TRY IT => Using the data beneath, show every line that includes the word "href".

MATERIAL PROVIDED =>
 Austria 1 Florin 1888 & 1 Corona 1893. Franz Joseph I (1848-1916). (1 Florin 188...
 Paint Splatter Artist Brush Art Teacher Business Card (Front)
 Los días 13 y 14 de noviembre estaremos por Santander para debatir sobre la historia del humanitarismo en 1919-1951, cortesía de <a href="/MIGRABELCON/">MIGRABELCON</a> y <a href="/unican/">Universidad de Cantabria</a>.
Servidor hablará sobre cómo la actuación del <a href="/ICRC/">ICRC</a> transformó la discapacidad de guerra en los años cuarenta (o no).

* * *

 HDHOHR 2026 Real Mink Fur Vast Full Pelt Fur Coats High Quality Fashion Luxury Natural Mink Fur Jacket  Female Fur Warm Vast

==

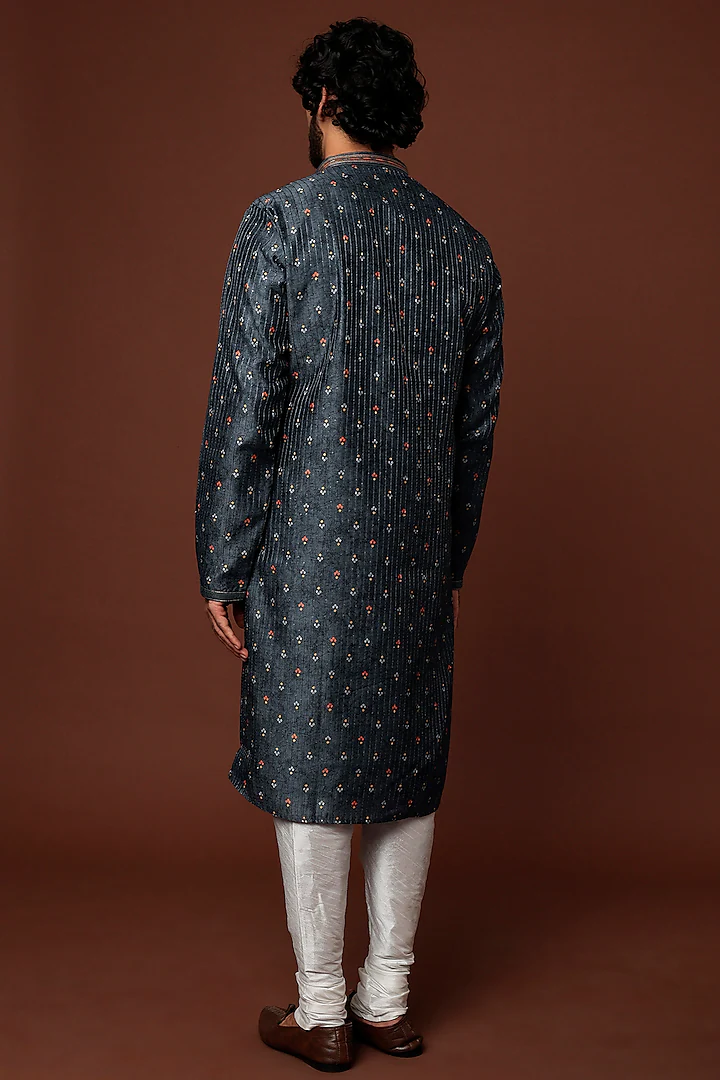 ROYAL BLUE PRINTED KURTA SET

ANSWER TO THIS PROBLEM =>
 Los días 13 y 14 de noviembre estaremos por Santander para debatir sobre la historia del humanitarismo en 1919-1951, cortesía de <a href="/MIGRABELCON/">MIGRABELCON</a> y <a href="/unican/">Universidad de Cantabria</a>.
Servidor hablará sobre cómo la actuación del <a href="/ICRC/">ICRC</a> transformó la discapacidad de guerra en los años cuarenta (o no).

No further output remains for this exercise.